Lung impedance in healthy humans measured by forced oscillations from 0.01 to 0.1 Hz

Abstract

Lung impedance was measured from 0.01 to 0.1 Hz in six healthy adults by superimposing small-amplitude forced oscillations on spontaneous breathing. Measurements were made with an almost constant-volume input (160–180 ml) or with an almost constant-flow input (20–30 ml.s-1). No significant difference was found between the two conditions. Lung resistance (RL) sharply decreased from 0.97 kPa.l-1.s at 0.01 Hz to 0.27 kPa.l-1.s at 0.03 Hz and then mildly to 0.23 kPa.l-1.s at 0.1 Hz. Lung effective compliance (CL) decreased slightly and regularly from 0.01 Hz (2.38 l.kPa-1) to 0.1 Hz (1.93 l.kPa-1). The data were analyzed using a linear viscoelastic model adapted from Hildebrandt (J. Appl. Physiol. 28:365–372, 1970) and complemented by a Newtonian resistance (R): RL = R + B/(9.2f); CL = 1/(A + 0.25B + B.log2 pi f), where f is the frequency and B/A is an index of lung tissue viscoelasticity.
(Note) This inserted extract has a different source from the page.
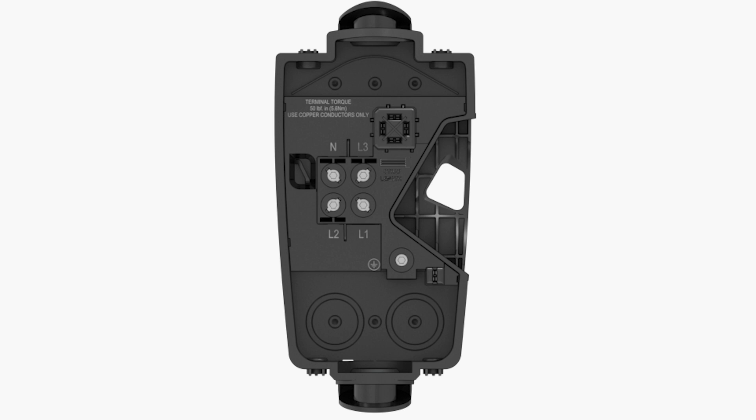The wall connector accepts up to five conductors: line 1, line 2, line 3, neutral, and an equipment grounding conductor. For basic operation, the wall connector requires an electrical connection to line 1, neutral, and positive earth. Connections to line 2 and line 3 terminals are supported for some grid types.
A good fit was generally obtained, with an average difference of 10% between the observed and predicted values. The ratio B/A was not affected by the breathing and was 10.6 and 13.6% in the constant-volume and constant-flow conditions, respectively, which agrees with Hildebrandt's observations in isolated cat lungs. R was systematically larger than the plethysmographic airway resistance, suggesting that lung tissue resistance might also include a Newtonian component.